Aside from the all-in screen, BenQ also provides a USB keyboard and mouse in the same white plastic colour as the back of the nScreen. The mouse is contoured for right-hand use, but as for the keyboard ... well, we'd throw it out if we were you. It takes most of the bad parts of the newer Apple iMac keyboards, and cranks it up to 11, with cramped keys — the arrow keys are a particular speciality and a spongy, unpleasant feel. It's standard USB all the way, though, so replacing it shouldn't be too tricky.

Features

Nettops have typically been associated with Intel's Atom processor line, but BenQ plays in the alternative camp, equipping the nScreen line with AMD Sempron 210U 1.5GHz processors. Two models are available; the 21.5-inch i221 (AU$1199) and the 18.5-inch i91 (AU$899). The i221 also comes with a side-mounted handset for VoIP calls, but as we tested the cheaper i91 variant (where it's a paid-for extra) we were unable to test this particular function. Graphics come via an ATI Radeon X1200 128MB chip, with 1GB of on-board RAM, 160GB of hard drive space and 10/100 Ethernet and standard 802.11b/g Wi-Fi.
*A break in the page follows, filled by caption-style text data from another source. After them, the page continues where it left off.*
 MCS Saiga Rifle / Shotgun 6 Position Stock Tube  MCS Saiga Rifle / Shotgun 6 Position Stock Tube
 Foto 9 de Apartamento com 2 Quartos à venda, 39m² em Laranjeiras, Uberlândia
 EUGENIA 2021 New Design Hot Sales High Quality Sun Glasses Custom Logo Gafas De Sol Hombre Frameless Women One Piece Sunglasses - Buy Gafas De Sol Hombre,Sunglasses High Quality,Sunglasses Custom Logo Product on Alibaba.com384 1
Six USB 2.0 ports are provided, although as noted, four of them are in the back and vertically mounted, which makes them challenging for any kind of USB hotswapping. An in-built 1.3-megapixel camera covers Skype duties — it's preinstalled and set to boot at start-up. In keeping with Microsoft's licensing rules, the operating system of choice is Windows XP Home.
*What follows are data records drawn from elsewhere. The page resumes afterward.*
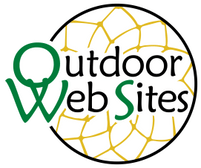 Outdoor Websites, LLC
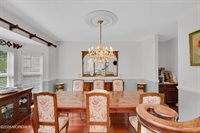 651 Jackson Mills Road, Jackson, NJ 08527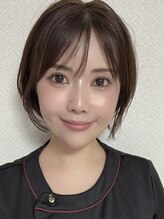 とぅるりん 肌質改善&nbsp;HIROKO 
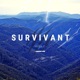 Survivant Single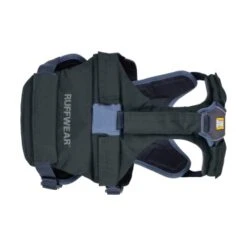 Ruffwear Brush Guard™ Geschirrzubehör S -Zoofachgeschäft d279fdf5ab1cba9cd957813e16bd2a49a9c42076 1651427 de DE 3df2321b5c788403c7022cd00848b401333dc8690tAxSz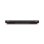 Lenovo ThinkPad P16 Gen 2 Gen 7 16″ Intel Core i7 14700HX 32 Go 1 To SSD RTX 3500 Ada Windows 11 Pro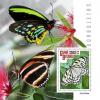 Colnect-5765-902-Rice-Paper-Butterfly-Idea-leuconoe.jpg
As with other nettop options, the one key ingredient BenQ leaves out of the nScreen's recipe is an external optical drive. We get why netbooks don't ship with optical drives, but for a nettop we're less convinced, as there's never a power issue to speak of, and it seems to us a matter of vendors economising and presuming those that need them will just put up with trailing cables and an external USB burner, such as the Asus SDRW-08D1S-U External DVD-RW drive.

Performance

We really didn't like the nScreen's keyboard much, which was a pity, because otherwise the experience of using the nScreen's hardware is mostly agreeable at a light computing level. In our benchmarking tests, the nScreen scored 1863 PCMark points and 303 3DMark points, noting it solidly as a lightweight productivity machine, but certainly not something that you could arguably game or video edit on. That's solidly in line with the kind of figures we've seen from other nettop style devices.

Using the nScreen for basic computing tasks certainly work as you'd expect, and there's a reasonable argument for a "simple" computer that doesn't involve lots of cabling or connections for a sector of the market. At AU$899 for this base model, the nScreen certainly outclasses the Eee Top for value for money. At the same time, as soon as you put it up against any of the big box makers desktop systems, the value falls away pretty sharply. It only took us a matter of minutes to find an AU$899 system for sale online that came with a monitor, twice the memory and storage and a much more capable processor and video solution. The practical upshot is that you're paying a premium for convenience and small desk space, and it's a premium paid both in cash and computing power. We can't see that this is all that viable a trade-off for a system that's going to be resolutely desk bound in most instances. As perhaps a kitchen computer or similar there's a certain argument, but that's a very niche audience.